Aangezien de functie van de gronden niet wijzigt, geen sprake is van het toevoegen van nieuwe woon- of verblijfsfuncties en op basis van archiefonderzoek de locatie onverdacht is, is een onderzoek naar de kwaliteit van de bodem niet noodzakelijk en kan het plan doorgang vinden.

 

4.1.5 Lucht

De Wet milieubeheer biedt het kader bij planontwikkeling om te toetsen aan luchtkwaliteitseisen. Een uitzondering op deze verplichting om de gevolgen van ruimtelijke ontwikkelingen op de luchtkwaliteit mee te wegen, vormen bepaalde typen projecten die niet in betekende mate (NIBM) bijdragen aan de luchtkwaliteit. Het begrip NIBM is uitgewerkt in het "Besluit niet in betekende mate bijdragen (luchtkwaliteitseisen)", en de bijbehorende "Regeling niet in betekende mate bijdragen (luchtkwaliteitseisen)".


Een plan draagt niet in betekende mate bij aan de luchtverontreiniging wanneer aannemelijk is (door berekening of motivering) dat de "3% grens" niet wordt overschreden. Deze grens is 3% van de grenswaarde voor de jaargemiddelde concentratie van fijn stof (PM10) of stikstofdioxide (NO2). Dit komt overeen met 1.2 µg/m3 voor zowel PM10 als NO2. De Regeling NIBM geeft voor een aantal categorieën van ruimtelijke ontwikkelingen een invulling aan de NIBM grens. Indien er binnen de getalsmatige begrenzing van de Regeling wordt gebleven, is er geen nader onderzoek nodig. Bij de ruimtelijke ontwikkeling is er dan automatisch sprake van een niet in betekende mate bijdrage aan de luchtkwaliteit.

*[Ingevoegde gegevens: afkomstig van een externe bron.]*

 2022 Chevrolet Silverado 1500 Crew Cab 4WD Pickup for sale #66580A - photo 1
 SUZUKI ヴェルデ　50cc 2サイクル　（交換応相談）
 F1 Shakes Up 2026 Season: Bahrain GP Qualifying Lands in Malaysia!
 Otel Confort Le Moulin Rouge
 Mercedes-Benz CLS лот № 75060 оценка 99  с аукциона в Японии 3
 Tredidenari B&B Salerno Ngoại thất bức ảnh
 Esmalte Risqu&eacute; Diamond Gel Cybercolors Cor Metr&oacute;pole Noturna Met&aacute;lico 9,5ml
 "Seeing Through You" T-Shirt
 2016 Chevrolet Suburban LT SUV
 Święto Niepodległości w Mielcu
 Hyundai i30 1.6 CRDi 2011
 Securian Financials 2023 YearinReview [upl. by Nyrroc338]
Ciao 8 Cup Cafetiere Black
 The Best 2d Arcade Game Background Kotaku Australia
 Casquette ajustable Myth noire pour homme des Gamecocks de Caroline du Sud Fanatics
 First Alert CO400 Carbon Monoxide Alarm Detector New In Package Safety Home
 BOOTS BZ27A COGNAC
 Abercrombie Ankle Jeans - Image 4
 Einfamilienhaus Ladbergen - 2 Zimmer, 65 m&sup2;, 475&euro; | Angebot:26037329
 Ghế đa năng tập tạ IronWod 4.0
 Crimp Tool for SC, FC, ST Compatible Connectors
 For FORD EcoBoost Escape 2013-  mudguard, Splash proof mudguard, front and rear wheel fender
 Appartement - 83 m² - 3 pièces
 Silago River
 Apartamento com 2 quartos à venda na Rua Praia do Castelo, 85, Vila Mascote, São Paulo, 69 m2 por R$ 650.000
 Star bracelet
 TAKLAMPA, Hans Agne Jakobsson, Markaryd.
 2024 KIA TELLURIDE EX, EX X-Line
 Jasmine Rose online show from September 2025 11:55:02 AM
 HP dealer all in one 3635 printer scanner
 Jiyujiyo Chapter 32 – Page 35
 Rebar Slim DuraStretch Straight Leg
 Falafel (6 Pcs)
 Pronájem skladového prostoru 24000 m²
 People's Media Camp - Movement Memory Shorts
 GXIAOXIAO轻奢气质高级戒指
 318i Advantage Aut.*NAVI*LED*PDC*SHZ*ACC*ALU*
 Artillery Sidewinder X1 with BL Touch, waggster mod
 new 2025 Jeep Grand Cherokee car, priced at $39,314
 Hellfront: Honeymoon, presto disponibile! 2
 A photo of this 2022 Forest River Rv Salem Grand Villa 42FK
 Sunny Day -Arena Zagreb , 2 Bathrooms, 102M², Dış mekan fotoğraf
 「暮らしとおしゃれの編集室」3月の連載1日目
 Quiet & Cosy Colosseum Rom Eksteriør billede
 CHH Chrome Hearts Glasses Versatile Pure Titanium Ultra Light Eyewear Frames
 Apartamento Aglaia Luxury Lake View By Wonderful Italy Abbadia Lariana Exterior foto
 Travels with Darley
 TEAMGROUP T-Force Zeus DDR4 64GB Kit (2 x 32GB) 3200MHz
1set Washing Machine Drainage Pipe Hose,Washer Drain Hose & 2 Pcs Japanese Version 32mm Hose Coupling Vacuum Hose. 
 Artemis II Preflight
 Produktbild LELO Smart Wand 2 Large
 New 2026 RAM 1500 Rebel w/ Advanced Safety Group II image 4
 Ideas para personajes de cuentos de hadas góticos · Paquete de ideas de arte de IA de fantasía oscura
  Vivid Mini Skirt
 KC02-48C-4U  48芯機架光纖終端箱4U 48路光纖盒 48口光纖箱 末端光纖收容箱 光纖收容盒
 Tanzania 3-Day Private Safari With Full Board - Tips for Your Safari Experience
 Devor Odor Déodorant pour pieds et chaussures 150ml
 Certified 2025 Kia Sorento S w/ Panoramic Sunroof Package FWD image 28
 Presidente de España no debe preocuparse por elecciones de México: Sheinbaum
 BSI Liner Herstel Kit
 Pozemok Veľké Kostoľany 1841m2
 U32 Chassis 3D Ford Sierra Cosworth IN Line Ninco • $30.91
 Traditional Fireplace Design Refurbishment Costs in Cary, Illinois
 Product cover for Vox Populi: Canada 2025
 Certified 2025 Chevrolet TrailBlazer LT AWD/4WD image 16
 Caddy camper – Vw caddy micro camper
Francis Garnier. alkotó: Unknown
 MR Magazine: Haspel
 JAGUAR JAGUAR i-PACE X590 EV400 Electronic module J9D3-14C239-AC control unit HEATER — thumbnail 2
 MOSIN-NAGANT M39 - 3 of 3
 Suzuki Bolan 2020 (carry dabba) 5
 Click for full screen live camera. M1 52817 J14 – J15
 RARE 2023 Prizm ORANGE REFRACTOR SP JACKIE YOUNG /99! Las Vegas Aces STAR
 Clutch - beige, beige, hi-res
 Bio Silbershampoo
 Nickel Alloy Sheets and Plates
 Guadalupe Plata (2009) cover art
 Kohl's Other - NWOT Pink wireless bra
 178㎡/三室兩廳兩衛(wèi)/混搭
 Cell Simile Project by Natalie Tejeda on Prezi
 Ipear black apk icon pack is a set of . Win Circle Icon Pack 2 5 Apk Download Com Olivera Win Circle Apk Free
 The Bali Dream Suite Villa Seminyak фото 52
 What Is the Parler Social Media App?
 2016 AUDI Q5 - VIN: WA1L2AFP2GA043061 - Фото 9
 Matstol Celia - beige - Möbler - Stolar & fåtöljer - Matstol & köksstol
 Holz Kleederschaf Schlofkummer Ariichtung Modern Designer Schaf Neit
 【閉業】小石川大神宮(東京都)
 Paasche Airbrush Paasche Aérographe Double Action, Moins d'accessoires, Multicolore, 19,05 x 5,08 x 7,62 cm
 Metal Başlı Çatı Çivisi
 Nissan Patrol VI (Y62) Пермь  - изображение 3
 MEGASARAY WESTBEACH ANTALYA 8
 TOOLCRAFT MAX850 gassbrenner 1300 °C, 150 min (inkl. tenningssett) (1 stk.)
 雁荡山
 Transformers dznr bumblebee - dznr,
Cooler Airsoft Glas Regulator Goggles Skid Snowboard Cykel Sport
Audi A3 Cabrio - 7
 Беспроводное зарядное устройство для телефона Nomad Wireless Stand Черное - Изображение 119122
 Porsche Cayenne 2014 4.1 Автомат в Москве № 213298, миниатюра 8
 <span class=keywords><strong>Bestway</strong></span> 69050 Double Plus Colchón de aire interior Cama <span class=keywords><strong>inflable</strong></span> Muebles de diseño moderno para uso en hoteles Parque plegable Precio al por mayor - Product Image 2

Een veehouderij valt niet bij voorbaat onder de categorieën van NIBM-gevallen, alleen bij intensieve veeteelt kan de emissie van fijn stof van belang zijn. Onderhavig plan voorziet niet in de uitbreiding van dieren, wel zal de huisvesting van dieren wijzigen. Bij de functie melkrundveehouderij en de gewenste wijziging van het bouwperceel is de emissie van fijn stof verwaarloosbaar. Daarnaast bevinden de achtergrondconcentraties aan stikstofdioxide en fijn stof in dit gebied zich ruimschoots onder de grenswaarden. Aanvullend onderzoek in het kader de luchtkwaliteit is niet noodzakelijk, dit aspect belemmert de uitvoering van het plan niet.

4.1.6 Geluid

De mate waarin het geluid het woonmilieu mag belasten, is geregeld in de Wet geluidhinder (Wgh). De kern van de wet is dat geluidsgevoelige objecten worden beschermd tegen geluidhinder uit de omgeving. In de Wgh worden de volgende objecten beschermd (artikel 1 Wgh):

  • woningen;
  • geluidsgevoelige terreinen (terreinen die behoren bij andere gezondheidszorggebouwen dan categorale en academische ziekenhuizen, verpleeghuizen, woonwagenstandplaatsen);
  • andere geluidsgevoelige gebouwen, waaronder onderwijsgebouwen, ziekenhuizen en verpleeghuizen, andere gezondheidszorggebouwen dan ziekenhuizen en verpleeghuizen die zijn aangegeven in artikel 1.2 van het Besluit geluidhinder (Bgh):
    • 1. een verzorgingstehuis;
    • 2. een psychiatrische inrichting;
    • 3. een kinderdagverblijf.


Het beschermen van deze geluidsgevoelige objecten gebeurt aan de hand van vastgestelde zoneringen. De belangrijkste geluidsbronnen die in de Wgh worden geregeld, zijn: industrielawaai, wegverkeerslawaai en spoorweglawaai. De Wgh stelt dat in principe de geluidsbelasting op geluidsgevoelige ruimten niet de 48 dB(A) mag overschrijden. Indien nieuwe geluidsgevoelige functies worden toegestaan, stelt de Wgh de verplichting akoestisch onderzoek te verrichten naar de geluidsbelasting ten gevolge van omliggende (spoor)wegen en industrieterreinen.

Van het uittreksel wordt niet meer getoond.